Once again I find myself traveling into the land where I forget titles, where I sit at the wrong times, where I finally get up the courage to go to the front and venerate icons only to have a deacon pop out of nowhere and look at me over a sensor with an “I am on a mission and you are in my way!” Will I ever get this right? Probably not, but at least I no longer go into crisis mode and immediately dismiss this ancient faith simply because I don’t like the way I feel during these times.

But back to Mother Susan. In the Orthodox church for the most part priests have wives. Not only do they have wives but the role is respected and honored as such. They are called different things depending on the jurisdiction — khouria in Arabic; presbytera in Greek; and in the Russian Orthodox Church they are even called “matushka .”little mother.”
One person described them as having wonderful titles with no real job description

Four years ago I would occasionally visit the church that we now regularly attend, the community that has walked with us these past two years. I visited as a complete outsider, ill at ease and out of sorts. I froze when greeting Father Patrick or Father Michael, both of whom communicate well and make all feel welcome. I sat on the sidelines, an observer – alone and foreign.
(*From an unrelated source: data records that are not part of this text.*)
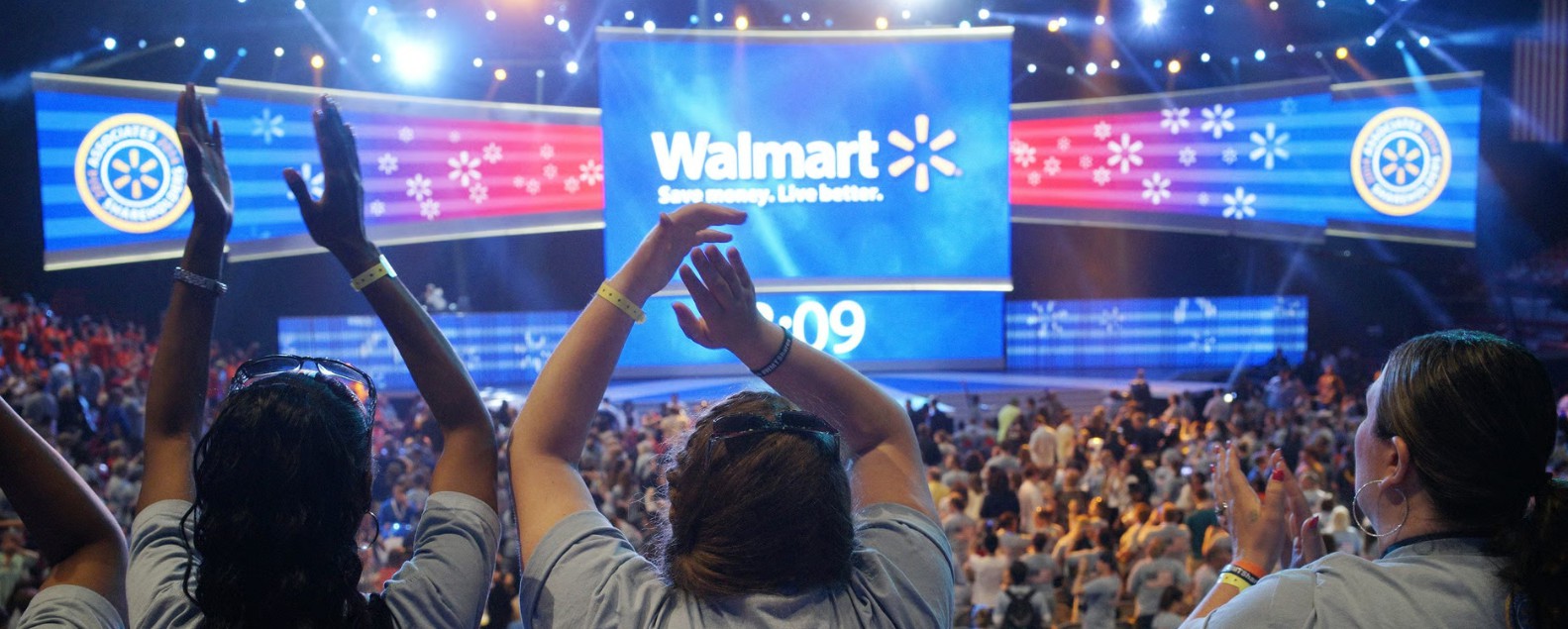 Walmart (WMT) внедряет ИИ Gemini и заменит AstraZeneca в индексе Nasdaq-100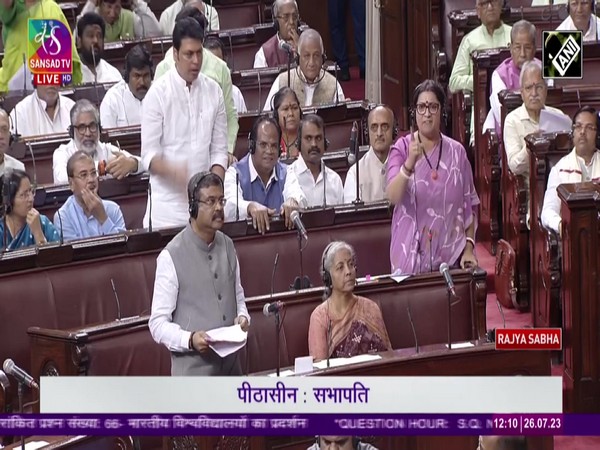 Smriti Irani challenges opposition to talk about crime against women in Rajasthan, West Bengal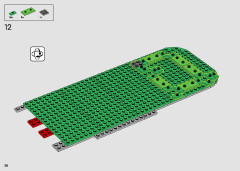 LEGO 10303 instructions page 28 – build guide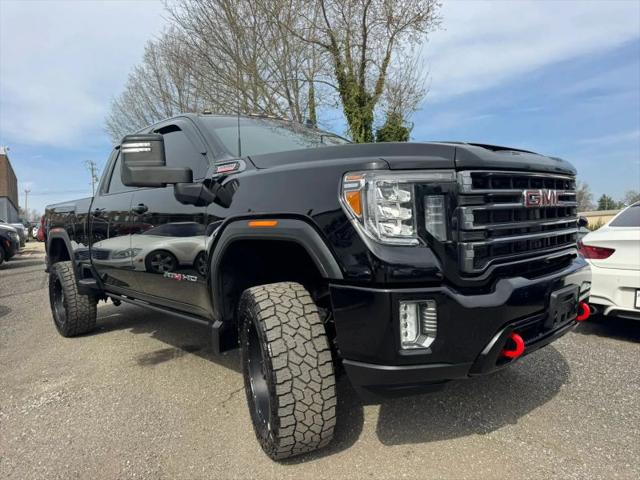 2023 GMC Sierra 2500HD 4WD Crew Cab Standard Bed AT4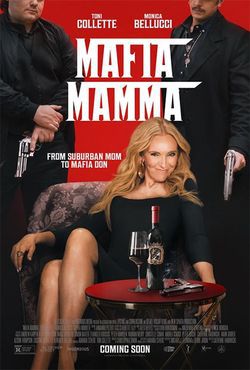 locandina del film MAFIA MAMMA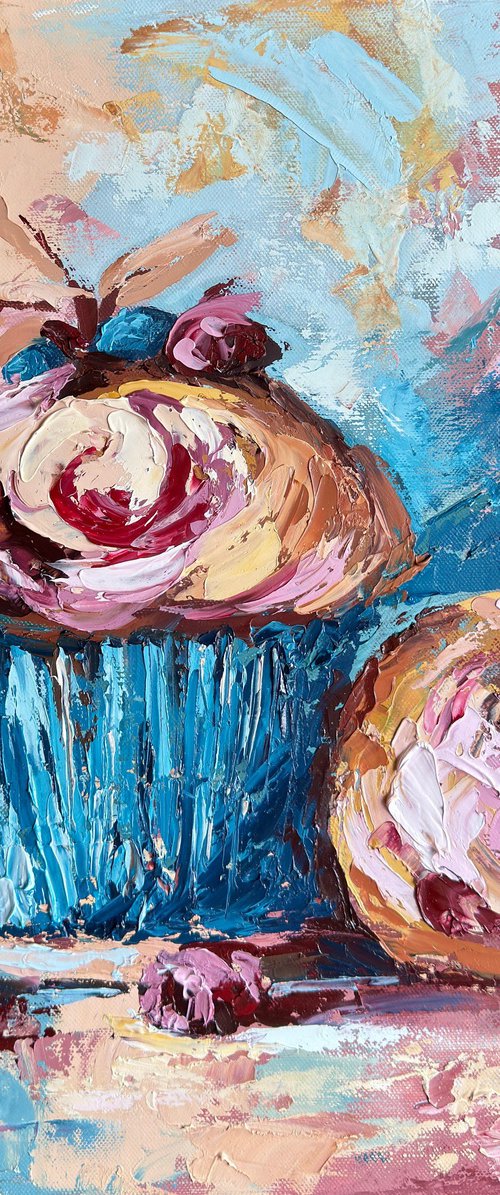 Sweet Love No.5 by Alisa Cherkun Drukman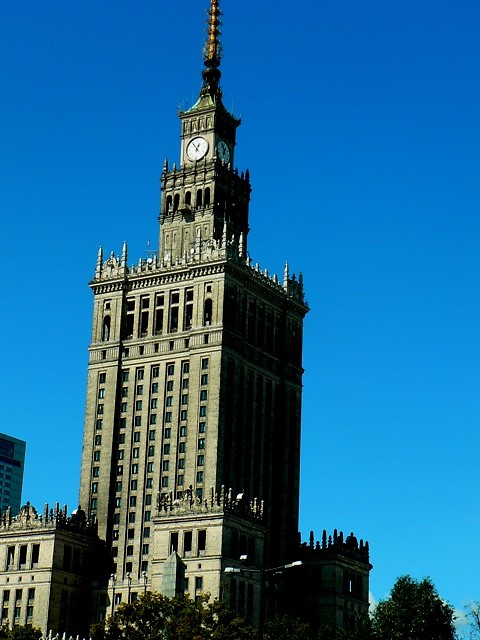 Warsaw.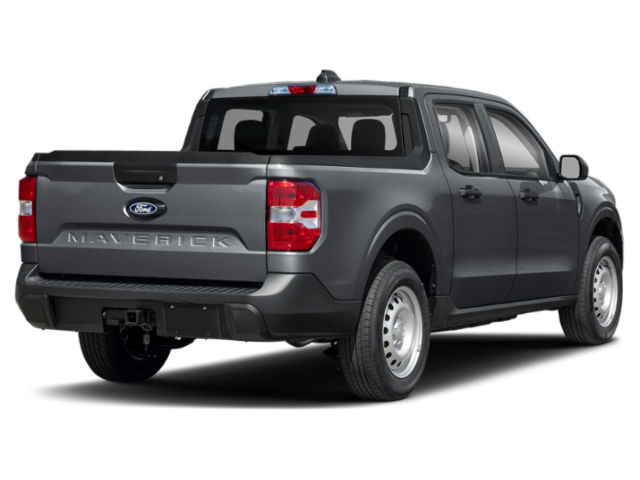 New 2026 Carbonized Gray Metallic Ford XL image 2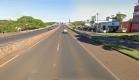 BR-277 em Foz do Iguaçu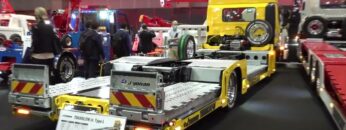 [ジャパントラックショー 2022] TRANSLOW Jr. Type L - 株式会社城南ホールディングス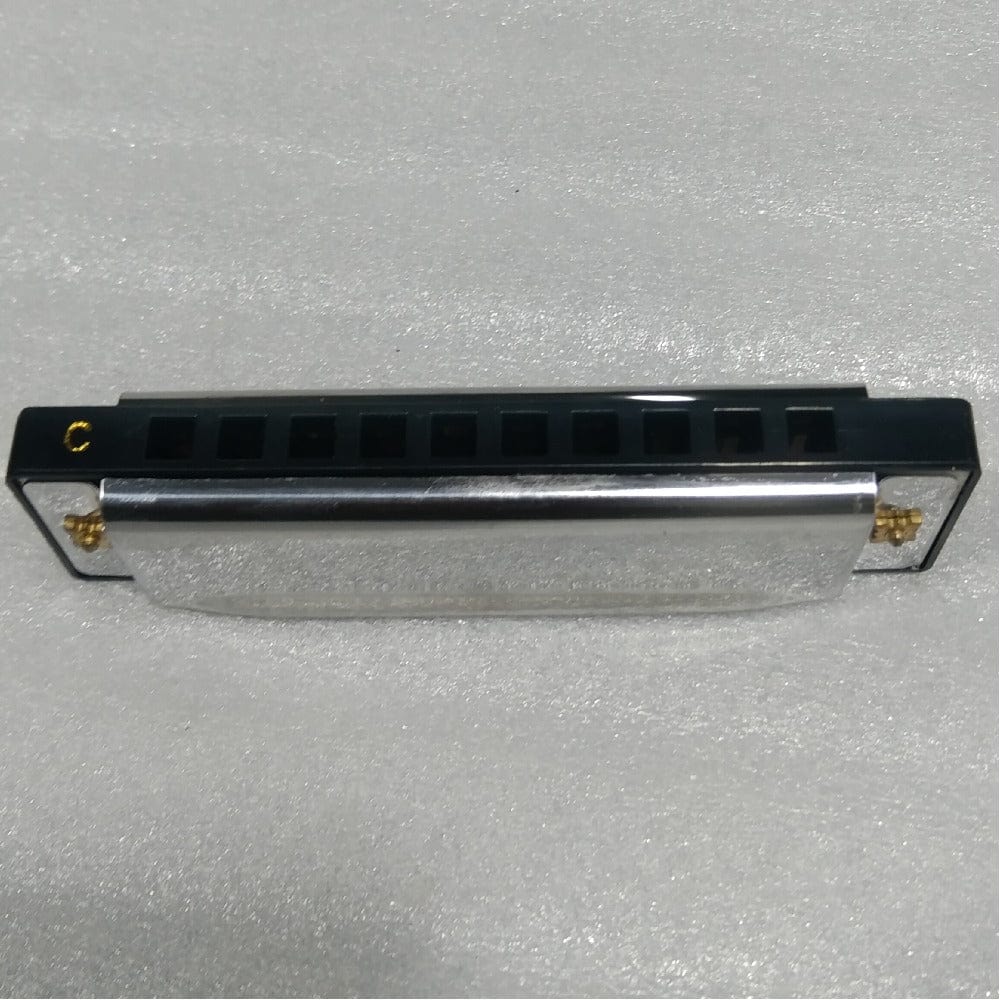 Vault HA1000 10-Hole Beginner Harmonica - Open Box B Stock - Image 13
I would console myself that I was used to sitting on the sidelines, alone and foreign. But I still wasn’t okay with it. There was a piece of me that desperately wanted this Orthodox faith to work for me – but I wouldn’t admit it.

As I observed from the sidelines I watched the women of the church and I was fascinated. There were young women of college age, women with young children or newly married, middle-aged women, older women, and old women. They were from Bulgaria and Romania, Russia and the Ukraine, Greece and the United States. They were dark-haired and blonde haired, some with head coverings, some without. Some in long skirts and some in shorter skirts.

The interactions were multicultural and multigenerational. It was common to see older women pick up little children to comfort them, regardless of who they belonged to. I watched young women seek advice and comfort from older women, talking earnestly together with heads bent forward. In the churches I had attended I was used to a far more fragmented system where young marrieds were in one place, young moms in another, empty nesters were usually traveling, and older women set to the side.

Two women stood out and it was clear that they were seen as leaders. But their leadership was winsome and drew people in. They laughed a lot and sometimes talked during liturgy – something that attracted me immediately.

After some time I found out that these were the priests wives – Popadia Paula and Popadia Susan (the one I had mistakenly referred to as “mother”). I was fascinated by their engagement with the church. It didn’t come in the form of leading Bible studies or playing the piano, a non-existent instrument in the Orthodox Church. Instead they seemed to function as unofficial mentors. They seemed to know every woman, man, and child in the church by name. They had a security and confidence that was refreshing and admirable. I couldn’t put my finger on why I was attracted to this.

And so I watched them. For about a year I didn’t have many conversations with either woman. I just observed. But what I saw reminded me of the women that surrounded me while growing up in Pakistan. They were women with a solid security not based on an agenda created by the broader culture that surrounded them. They knew who they were before God and it translated into a confidence in all they did. The women who surrounded me while growing up were Dr. Mary and Auntie Hannah, Auntie Phyllis and Auntie Bettie, Auntie Connie and my mom. Some were single, others were married; some were doctors, others were nurses; some were teachers, others were linguists. But all were strong in who they were. They did not let either American or Pakistani culture dictate who they should be and what they should care about, instead they knew who they were before God. In short they knew what a woman was worth – that as women they were understood by God, called by God, most of all beloved by God.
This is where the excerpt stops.